• _TASK TO COMPLETE_
Repeat exactly every line that comes at or after the line containing "Personlig Pillow för", through the end of the entries below.

[Opening PROVIDED DATA section]

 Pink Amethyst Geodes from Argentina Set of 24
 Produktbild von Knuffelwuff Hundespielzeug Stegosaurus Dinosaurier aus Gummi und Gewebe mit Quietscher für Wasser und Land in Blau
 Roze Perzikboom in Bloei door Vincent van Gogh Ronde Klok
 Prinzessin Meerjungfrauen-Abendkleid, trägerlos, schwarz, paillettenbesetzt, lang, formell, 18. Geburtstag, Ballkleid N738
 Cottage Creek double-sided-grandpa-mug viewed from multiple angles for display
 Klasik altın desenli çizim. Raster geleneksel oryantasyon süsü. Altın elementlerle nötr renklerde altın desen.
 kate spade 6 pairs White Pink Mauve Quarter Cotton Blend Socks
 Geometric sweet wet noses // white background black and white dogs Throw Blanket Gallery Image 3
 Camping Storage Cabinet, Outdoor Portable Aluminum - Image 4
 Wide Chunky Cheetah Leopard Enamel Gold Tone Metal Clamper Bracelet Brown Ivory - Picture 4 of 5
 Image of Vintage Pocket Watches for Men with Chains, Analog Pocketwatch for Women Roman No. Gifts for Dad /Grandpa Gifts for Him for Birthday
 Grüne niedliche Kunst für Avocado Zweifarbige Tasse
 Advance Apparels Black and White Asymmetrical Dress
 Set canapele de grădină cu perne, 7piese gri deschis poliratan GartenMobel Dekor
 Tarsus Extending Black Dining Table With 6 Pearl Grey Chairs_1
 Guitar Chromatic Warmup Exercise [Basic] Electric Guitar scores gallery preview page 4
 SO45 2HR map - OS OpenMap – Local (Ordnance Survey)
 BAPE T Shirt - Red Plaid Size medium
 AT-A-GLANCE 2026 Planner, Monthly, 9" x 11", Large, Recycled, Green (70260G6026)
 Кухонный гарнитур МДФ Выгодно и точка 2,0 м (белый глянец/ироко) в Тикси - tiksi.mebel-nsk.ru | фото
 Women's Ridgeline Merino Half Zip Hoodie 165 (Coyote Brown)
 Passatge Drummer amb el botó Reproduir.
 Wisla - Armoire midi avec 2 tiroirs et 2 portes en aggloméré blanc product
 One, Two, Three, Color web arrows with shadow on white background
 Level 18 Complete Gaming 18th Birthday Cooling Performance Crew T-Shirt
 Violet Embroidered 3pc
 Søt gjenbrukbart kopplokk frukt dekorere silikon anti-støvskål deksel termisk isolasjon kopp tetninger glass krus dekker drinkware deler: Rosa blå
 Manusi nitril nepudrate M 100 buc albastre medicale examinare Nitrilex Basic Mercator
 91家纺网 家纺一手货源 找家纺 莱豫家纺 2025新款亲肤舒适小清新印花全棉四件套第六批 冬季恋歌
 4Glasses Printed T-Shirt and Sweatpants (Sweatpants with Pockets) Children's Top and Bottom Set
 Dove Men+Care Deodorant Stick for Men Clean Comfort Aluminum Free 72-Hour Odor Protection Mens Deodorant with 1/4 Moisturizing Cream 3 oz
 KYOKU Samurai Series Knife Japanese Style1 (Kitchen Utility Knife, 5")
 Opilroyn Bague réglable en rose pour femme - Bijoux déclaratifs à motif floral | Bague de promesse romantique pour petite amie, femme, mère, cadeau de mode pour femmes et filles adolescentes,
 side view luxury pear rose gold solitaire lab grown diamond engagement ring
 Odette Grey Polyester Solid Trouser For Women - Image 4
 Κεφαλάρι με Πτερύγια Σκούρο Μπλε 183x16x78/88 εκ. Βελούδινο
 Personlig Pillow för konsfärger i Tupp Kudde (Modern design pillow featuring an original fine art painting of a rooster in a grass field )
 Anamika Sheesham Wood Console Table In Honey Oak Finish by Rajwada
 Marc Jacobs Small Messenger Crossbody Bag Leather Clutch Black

[Closing PROVIDED DATA section]

• _RESPONSE_
 Personlig Pillow för konsfärger i Tupp Kudde (Modern design pillow featuring an original fine art painting of a rooster in a grass field )
 Anamika Sheesham Wood Console Table In Honey Oak Finish by Rajwada
 Marc Jacobs Small Messenger Crossbody Bag Leather Clutch Black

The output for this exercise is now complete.